Hon Clare Curran speaks after the Hawaiki cable ship tour at the Cloud. The cable will almost double New Zealand’s internet capacity.
Faster internet is coming, the Broadcasting Minister says, with a new undersea cable expected to be up and running by June.
The Hawaiki Transpacific fibre-optic cable would connect New Zealand, Australia and the United States, providing far greater capacity than the two cables operating now.
Minister Clare Curran said thenew cable would result in faster internet.
"This cable will provide significantly more capacity for international data traffic, ensuring our growing domestic demands for data are supported," Curran said.
"For Kiwis it means faster, better internet, particularly when content is being streamed from overseas."

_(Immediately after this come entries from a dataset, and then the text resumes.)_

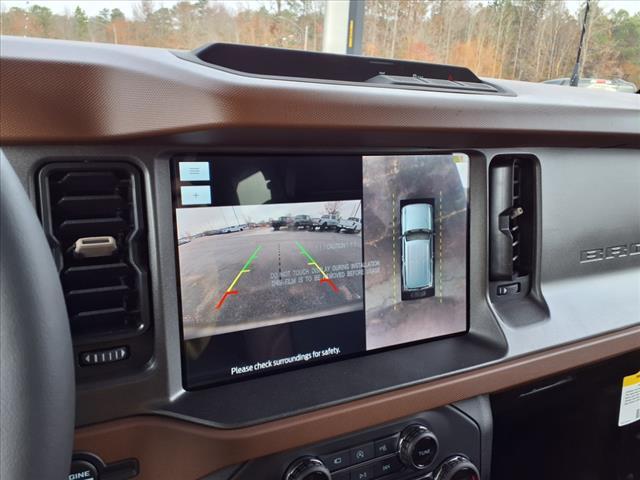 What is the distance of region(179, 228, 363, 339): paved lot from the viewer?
2.51ft

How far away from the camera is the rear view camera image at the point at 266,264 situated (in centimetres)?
76

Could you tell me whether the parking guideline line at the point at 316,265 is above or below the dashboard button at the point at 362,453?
above

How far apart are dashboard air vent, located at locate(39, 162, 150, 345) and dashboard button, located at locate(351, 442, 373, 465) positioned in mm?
414

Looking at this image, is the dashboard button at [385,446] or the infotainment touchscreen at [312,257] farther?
the dashboard button at [385,446]

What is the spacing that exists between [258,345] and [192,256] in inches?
7.1

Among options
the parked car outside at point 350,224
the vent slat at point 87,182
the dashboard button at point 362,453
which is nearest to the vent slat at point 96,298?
the vent slat at point 87,182

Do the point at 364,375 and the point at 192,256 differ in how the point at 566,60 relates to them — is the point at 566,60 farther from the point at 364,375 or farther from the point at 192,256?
the point at 192,256

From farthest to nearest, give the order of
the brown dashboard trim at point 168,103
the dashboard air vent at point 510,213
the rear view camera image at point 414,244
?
the dashboard air vent at point 510,213, the rear view camera image at point 414,244, the brown dashboard trim at point 168,103

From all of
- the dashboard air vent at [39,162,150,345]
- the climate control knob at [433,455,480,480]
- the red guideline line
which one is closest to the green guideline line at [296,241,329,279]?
the red guideline line

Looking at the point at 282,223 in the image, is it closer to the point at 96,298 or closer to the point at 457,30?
the point at 96,298

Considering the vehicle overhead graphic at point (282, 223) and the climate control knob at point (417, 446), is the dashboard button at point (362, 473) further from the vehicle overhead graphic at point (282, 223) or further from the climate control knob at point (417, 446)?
the vehicle overhead graphic at point (282, 223)

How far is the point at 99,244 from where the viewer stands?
2.27ft

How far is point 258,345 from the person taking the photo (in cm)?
83

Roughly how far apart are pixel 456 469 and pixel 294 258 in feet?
1.69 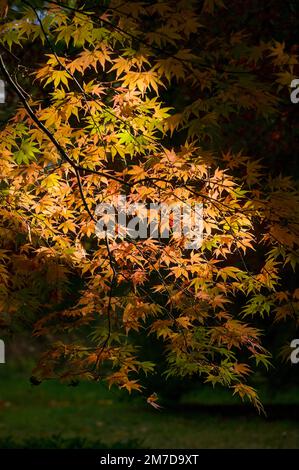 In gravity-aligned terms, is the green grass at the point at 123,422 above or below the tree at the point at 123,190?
below

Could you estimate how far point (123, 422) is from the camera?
1216 cm

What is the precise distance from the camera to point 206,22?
288 inches

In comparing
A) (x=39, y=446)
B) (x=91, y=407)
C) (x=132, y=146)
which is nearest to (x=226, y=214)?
(x=132, y=146)

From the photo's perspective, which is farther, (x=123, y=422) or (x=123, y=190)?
(x=123, y=422)

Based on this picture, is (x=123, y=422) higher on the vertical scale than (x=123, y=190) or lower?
lower

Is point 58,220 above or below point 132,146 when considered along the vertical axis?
below

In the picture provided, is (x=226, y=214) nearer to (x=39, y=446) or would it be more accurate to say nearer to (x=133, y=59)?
(x=133, y=59)

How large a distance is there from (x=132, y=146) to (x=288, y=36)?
4.54 metres

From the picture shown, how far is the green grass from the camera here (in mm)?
10398

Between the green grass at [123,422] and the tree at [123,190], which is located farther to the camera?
the green grass at [123,422]

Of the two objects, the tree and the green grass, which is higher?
the tree

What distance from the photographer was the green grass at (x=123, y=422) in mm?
10398

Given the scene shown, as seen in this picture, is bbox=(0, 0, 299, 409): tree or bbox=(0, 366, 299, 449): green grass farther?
bbox=(0, 366, 299, 449): green grass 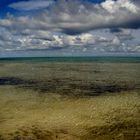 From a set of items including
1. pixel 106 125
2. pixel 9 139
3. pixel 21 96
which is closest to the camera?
pixel 9 139

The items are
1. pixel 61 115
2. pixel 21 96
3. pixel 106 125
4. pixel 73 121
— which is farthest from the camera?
pixel 21 96

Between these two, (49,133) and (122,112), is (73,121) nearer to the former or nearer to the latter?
(49,133)

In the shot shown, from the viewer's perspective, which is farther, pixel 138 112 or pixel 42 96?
pixel 42 96

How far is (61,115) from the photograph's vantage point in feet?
69.9

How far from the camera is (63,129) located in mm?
17516

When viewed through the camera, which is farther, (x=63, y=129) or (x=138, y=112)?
(x=138, y=112)

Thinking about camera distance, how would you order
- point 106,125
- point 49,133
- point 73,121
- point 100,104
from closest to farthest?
point 49,133 → point 106,125 → point 73,121 → point 100,104

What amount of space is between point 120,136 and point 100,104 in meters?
9.27

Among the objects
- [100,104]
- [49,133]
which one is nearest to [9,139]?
[49,133]

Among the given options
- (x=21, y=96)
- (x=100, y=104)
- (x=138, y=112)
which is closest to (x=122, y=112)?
(x=138, y=112)

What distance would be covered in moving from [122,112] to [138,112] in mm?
1366

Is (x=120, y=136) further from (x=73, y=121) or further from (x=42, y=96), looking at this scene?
(x=42, y=96)

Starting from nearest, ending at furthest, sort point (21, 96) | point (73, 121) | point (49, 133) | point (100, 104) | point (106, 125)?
point (49, 133) → point (106, 125) → point (73, 121) → point (100, 104) → point (21, 96)

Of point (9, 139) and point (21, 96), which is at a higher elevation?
point (21, 96) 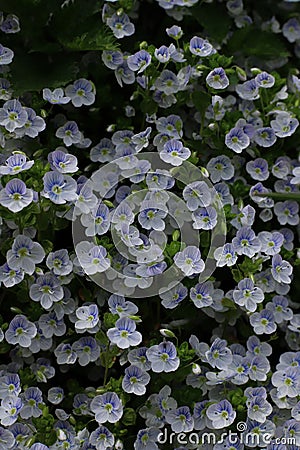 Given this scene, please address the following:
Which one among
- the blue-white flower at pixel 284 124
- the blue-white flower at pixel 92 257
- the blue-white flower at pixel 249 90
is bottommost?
the blue-white flower at pixel 92 257

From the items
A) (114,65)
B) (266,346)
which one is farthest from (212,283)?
(114,65)

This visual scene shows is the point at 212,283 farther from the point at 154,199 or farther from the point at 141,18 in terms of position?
the point at 141,18

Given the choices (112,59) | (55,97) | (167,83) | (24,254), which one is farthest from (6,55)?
(24,254)

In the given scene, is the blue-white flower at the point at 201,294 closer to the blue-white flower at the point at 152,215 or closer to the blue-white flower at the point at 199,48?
the blue-white flower at the point at 152,215

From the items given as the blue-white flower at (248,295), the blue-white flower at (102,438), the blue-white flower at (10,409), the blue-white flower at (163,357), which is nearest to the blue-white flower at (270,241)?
the blue-white flower at (248,295)

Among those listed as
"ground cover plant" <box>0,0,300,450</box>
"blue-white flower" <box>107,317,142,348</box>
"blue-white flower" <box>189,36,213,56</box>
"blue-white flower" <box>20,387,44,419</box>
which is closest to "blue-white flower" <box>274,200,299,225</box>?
"ground cover plant" <box>0,0,300,450</box> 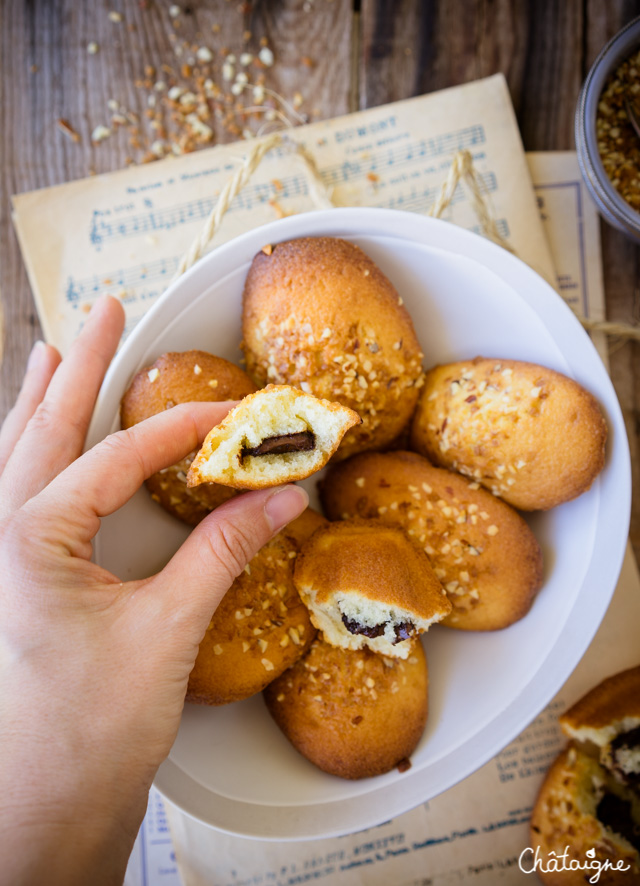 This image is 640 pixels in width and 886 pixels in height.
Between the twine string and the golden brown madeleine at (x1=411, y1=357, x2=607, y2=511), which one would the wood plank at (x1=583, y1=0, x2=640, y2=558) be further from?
the golden brown madeleine at (x1=411, y1=357, x2=607, y2=511)

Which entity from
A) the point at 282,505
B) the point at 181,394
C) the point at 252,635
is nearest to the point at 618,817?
the point at 252,635

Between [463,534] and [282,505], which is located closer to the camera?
[282,505]

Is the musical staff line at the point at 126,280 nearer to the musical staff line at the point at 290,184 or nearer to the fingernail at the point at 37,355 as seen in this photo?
the musical staff line at the point at 290,184

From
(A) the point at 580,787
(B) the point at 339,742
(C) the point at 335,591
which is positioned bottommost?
(A) the point at 580,787

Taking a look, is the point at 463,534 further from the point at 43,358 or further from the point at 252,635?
the point at 43,358

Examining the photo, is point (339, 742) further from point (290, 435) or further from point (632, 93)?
point (632, 93)

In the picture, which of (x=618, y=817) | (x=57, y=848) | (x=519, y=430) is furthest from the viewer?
(x=618, y=817)

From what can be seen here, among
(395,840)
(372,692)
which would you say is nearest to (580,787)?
(395,840)

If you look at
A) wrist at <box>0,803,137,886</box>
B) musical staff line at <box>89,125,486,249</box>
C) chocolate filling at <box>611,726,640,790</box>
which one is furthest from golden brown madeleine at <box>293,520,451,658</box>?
musical staff line at <box>89,125,486,249</box>
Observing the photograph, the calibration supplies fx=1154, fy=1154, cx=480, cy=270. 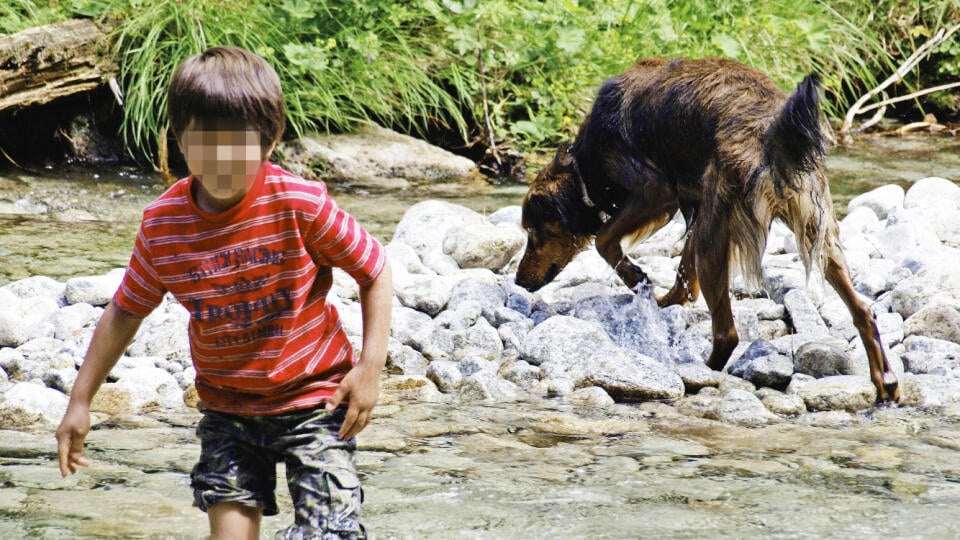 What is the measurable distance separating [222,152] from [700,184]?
3.01 meters

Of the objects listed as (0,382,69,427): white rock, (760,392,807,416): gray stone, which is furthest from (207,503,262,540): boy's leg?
(760,392,807,416): gray stone

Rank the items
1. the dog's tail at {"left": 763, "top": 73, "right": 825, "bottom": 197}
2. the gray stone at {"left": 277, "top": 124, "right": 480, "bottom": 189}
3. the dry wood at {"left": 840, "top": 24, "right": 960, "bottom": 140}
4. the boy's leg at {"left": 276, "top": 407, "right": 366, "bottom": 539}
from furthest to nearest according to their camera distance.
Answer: the dry wood at {"left": 840, "top": 24, "right": 960, "bottom": 140} < the gray stone at {"left": 277, "top": 124, "right": 480, "bottom": 189} < the dog's tail at {"left": 763, "top": 73, "right": 825, "bottom": 197} < the boy's leg at {"left": 276, "top": 407, "right": 366, "bottom": 539}

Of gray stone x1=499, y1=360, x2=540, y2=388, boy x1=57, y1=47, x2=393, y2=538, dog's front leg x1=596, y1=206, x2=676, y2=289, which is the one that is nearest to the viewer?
boy x1=57, y1=47, x2=393, y2=538

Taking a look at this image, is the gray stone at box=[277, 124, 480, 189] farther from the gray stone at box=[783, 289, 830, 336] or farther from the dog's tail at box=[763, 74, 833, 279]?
the dog's tail at box=[763, 74, 833, 279]

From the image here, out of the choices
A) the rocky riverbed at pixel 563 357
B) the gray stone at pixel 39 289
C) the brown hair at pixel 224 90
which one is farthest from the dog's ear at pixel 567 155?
the brown hair at pixel 224 90

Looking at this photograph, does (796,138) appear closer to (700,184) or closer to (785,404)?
(700,184)

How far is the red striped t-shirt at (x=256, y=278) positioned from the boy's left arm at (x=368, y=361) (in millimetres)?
38

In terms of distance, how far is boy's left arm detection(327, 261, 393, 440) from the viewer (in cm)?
252

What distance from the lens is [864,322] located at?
4.71 metres

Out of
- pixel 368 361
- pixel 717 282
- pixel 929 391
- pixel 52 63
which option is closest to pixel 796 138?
pixel 717 282

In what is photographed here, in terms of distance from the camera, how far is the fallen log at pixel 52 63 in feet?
27.5

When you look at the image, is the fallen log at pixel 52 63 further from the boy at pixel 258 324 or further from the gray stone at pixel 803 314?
the boy at pixel 258 324

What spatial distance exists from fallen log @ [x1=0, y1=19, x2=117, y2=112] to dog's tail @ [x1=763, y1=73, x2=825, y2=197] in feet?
19.5

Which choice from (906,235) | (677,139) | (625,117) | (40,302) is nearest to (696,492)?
(677,139) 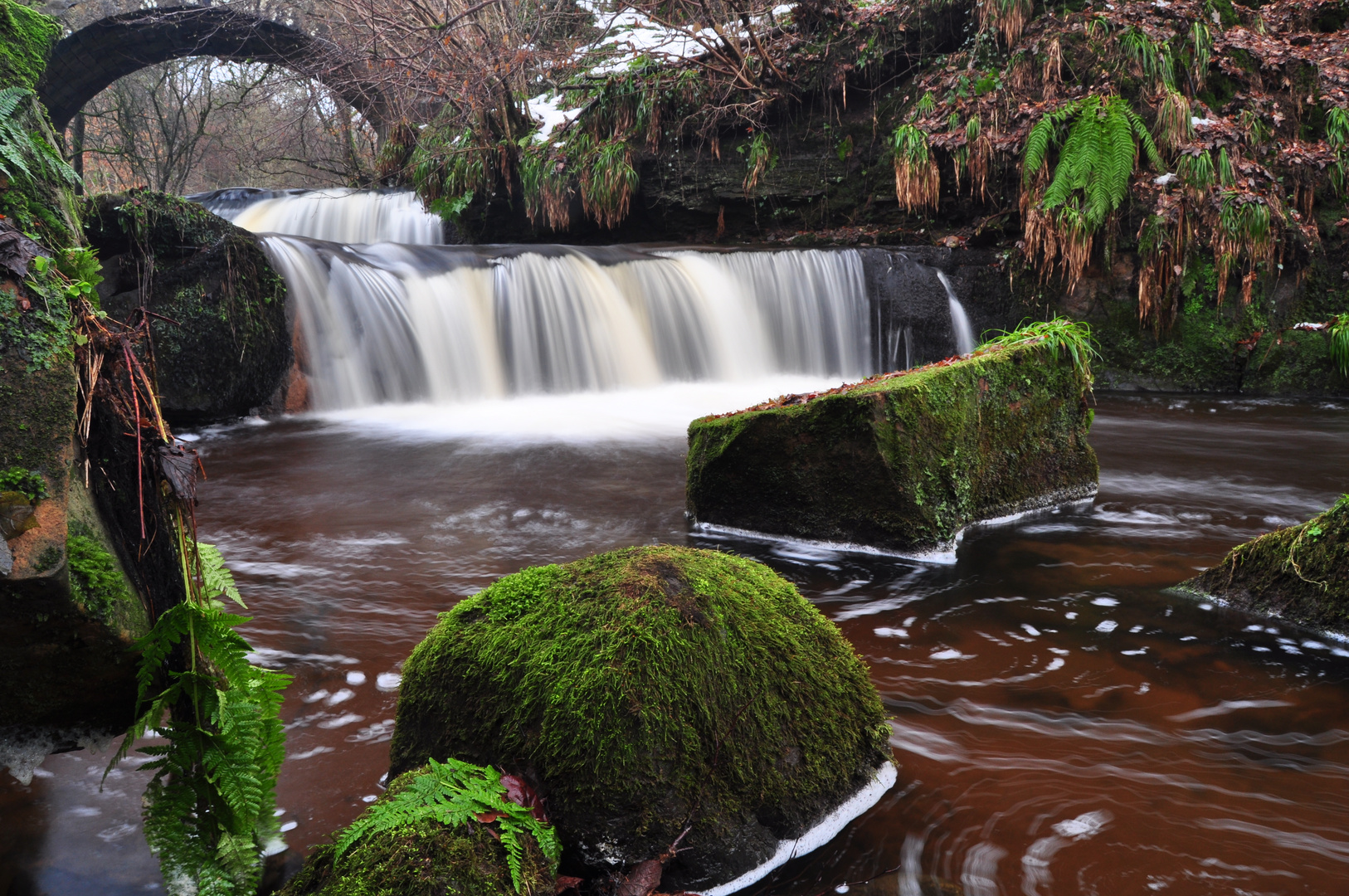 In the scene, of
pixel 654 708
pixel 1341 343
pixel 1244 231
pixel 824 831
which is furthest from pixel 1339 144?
pixel 654 708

Curran today toured the ship laying the 15,000km cable from Oregon in the US to Sydney.
The Government contributed $15 million to the installation of the cable, which would link Australasia to both Hawaii and the mainland United States.
"The Hawaiki cable will also improve our resilience in a disaster by giving us an additional physical data link to the rest of the world, a new landing point here and by taking a different under-sea route than our other existing cables," Curran said.
"It will also be a huge benefit to our Pacific neighbours. Spurs off the main cable will go to four Pacific countries giving them access to reliable, fast data for medical and research purposes."
The CS Responder ship would lay the cable, which was armoured to protect it from trawling and adverse weather, in trenches along the sea floor.
The two metre deep trenches are created by the Nereus 4, a $13 million piece of machinery manufactured in the United Kingdom.
Hawaiki Charmain Sir Eion Edgar said the cable was extremely significant for New Zealand because of the scale and the way it will increase capacity ten fold.
"It'll help keep prices down and obviously make [the internet] a lot faster to deliver. I'm sure this will eventually bring the price of internet down - competition is a wonderful thing."
The route of the Hawaiki cable. Photo/Supplied
The new cable was expected to provide another 43 terabits of capacity - seven times that of the Southern Cross cable, one of the two currently carrying internet traffic to and from New Zealand.